First Moscow Trial (Trial of the Sixteen)

The first trial was held from August 19 to August 24, 1936; the principal defendants were Gregory Zinoviev and Lev Kamenev.

The full list of defendants is as follows:

  1. Grigory Yevseyevich Zinoviev
  2. Lev Borisovich Kamenev
  3. Grigori Eremeyevich Evdokimov
  4. Ivan Petrovich Bakayev
  5. Sergei Vitalevich Mrachkovsky, a hero of the Russian Civil War in Siberia and the Russian Far East
  6. Vagarshak Arutyunovich Ter-Vaganyan, leader of the Armenian Communist Party
  7. Ivan Nikitich Smirnov, People's Commissar for communications
  8. Ephim Alexandrovich Dreitzer
  9. Isak Isayevich Reingold
  10. Richard Vitoldovich Pickel
  11. Edouard Solomonovich Holtzman
  12. Fritz David (Ilya-David Israilevich Kruglyansky)
  13. Valentine Pavlovich Olberg
  14. Konon Borisovich Berman-Yurin
  15. Moissei Ilyich Lurye (Alexander Emel)
  16. Nathan Lazarevich Lurye

All of them were charged under Articles 58.8, 19 and 58.11 of the Criminal Code of the RSFSR. The main charge was forming a terrorist organization with the purpose of killing Joseph Stalin and other members of the Soviet government.
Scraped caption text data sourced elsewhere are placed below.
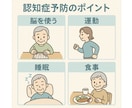 お試し)3日間認知症予防の脳活サポートをします ⭐ 老人ホーム勤務経験のある看護師が優しく寄り添いサポート イメージ3
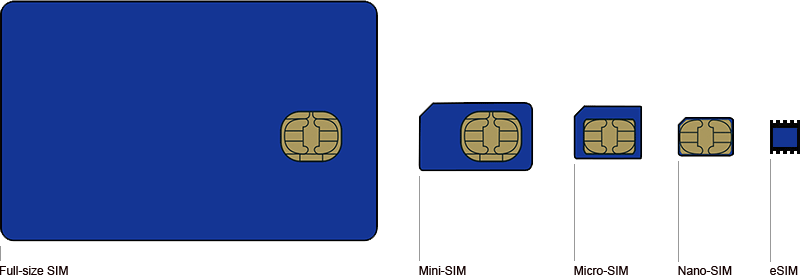 Сим карта днр. Сим карта 1ff полноразмерная. Первые SIM карты. Первая сим карта в мире. Старые сим карты.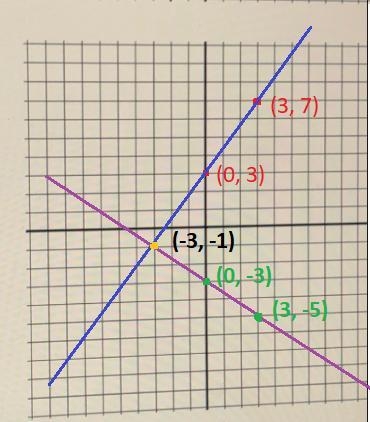 Directions: Graph each system of equations. Then determine whether the system has-example-1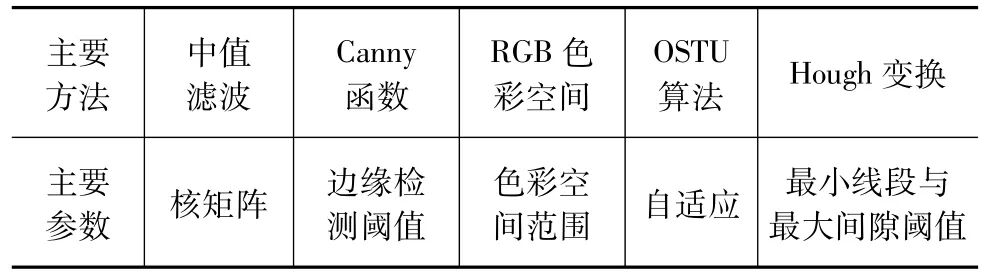 无人车行驶环境图像的几何测距的图5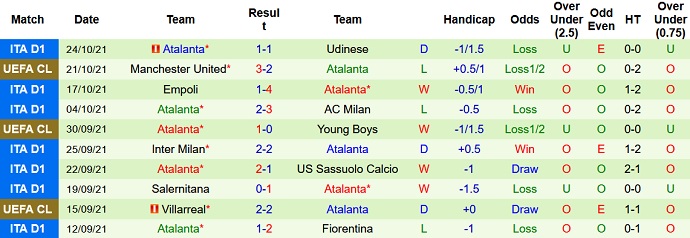 Nhận định, soi kèo Sampdoria vs Atalanta, 23h30 ngày 27/10 - Ảnh 5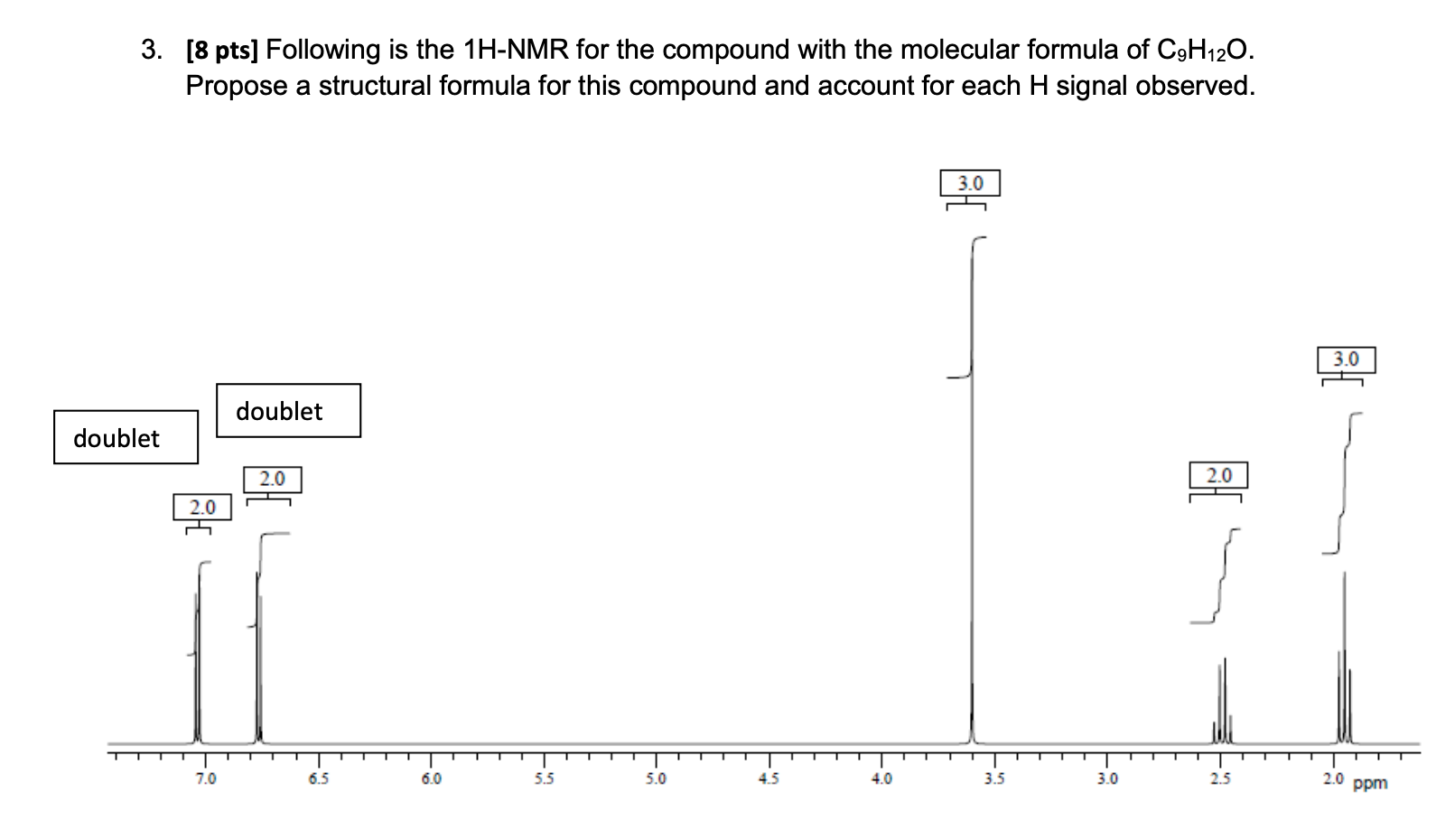 3 8 Pts Following Is The 1h Nmr For The Compound With The Molecular Formula Of C9h12o Propose A Structural Formula F 1
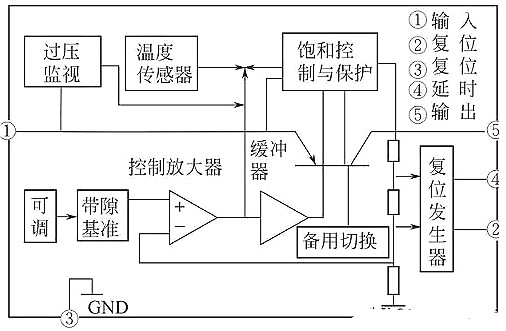 華強(qiáng)電子網(wǎng) 集成穩(wěn)壓器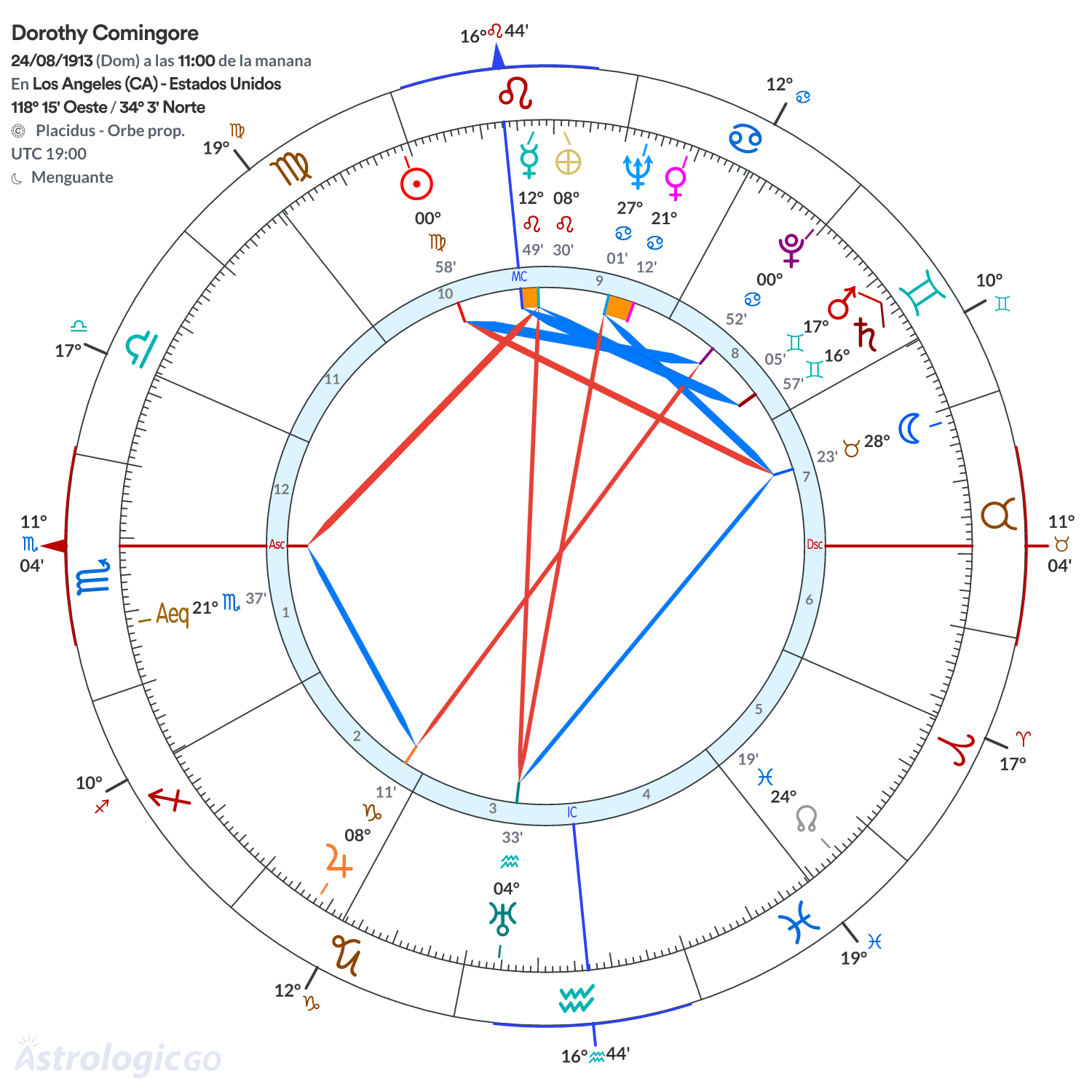 Mandala - Dorothy Comingore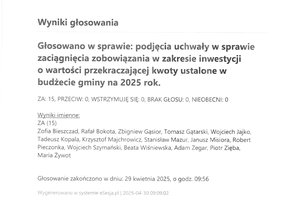 Imienny wykaz głosowań radnych - skmbt_c454e25050510331_0005.jpg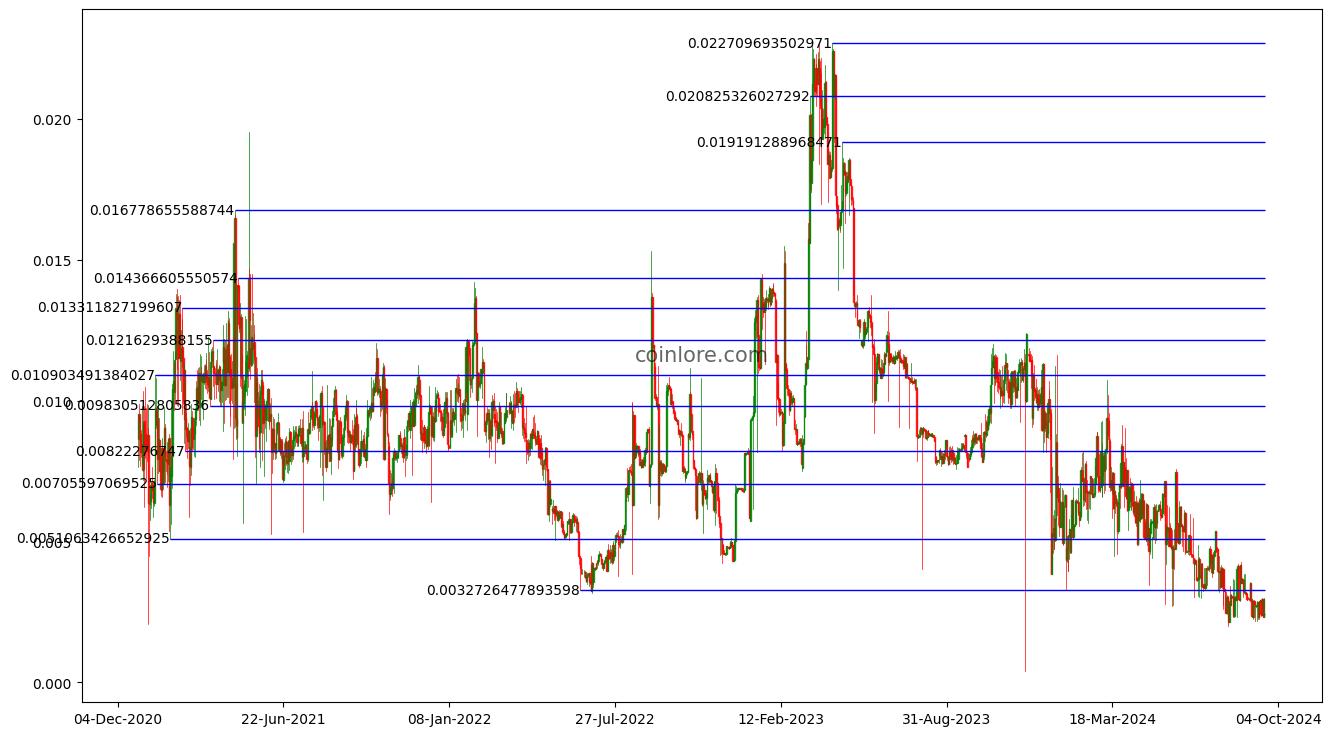 GRC ($) - Gridcoin Price Chart, Value, News, Market Cap | CoinFi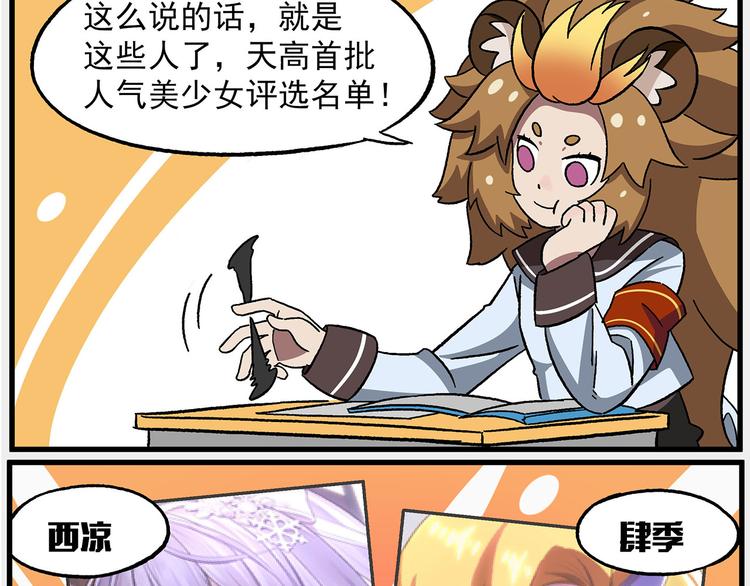 西城天高43 美少女评选①3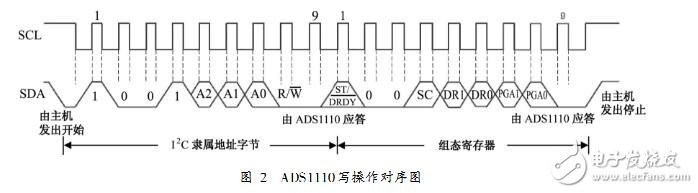 ADS1110讀寫(xiě)操作時(shí)序圖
They were tried by the Military Collegium of the Supreme Court of the USSR, with Vasili Ulrikh presiding, and sentenced to death, the prosecutor being Andrei Vyshinsky.

Trial of Radek and Piatakov (Trial of the Seventeen)

In another trial in January 1937, the principal defendants were Karl Radek, Yuri Piatakov, Grigori Sokolnikov, Nikolai Muralov, Mikhail Boguslavsky and others (17 persons altogether). All but four of them were sentenced to death; the remainder were sentenced to imprisonment in labor camps.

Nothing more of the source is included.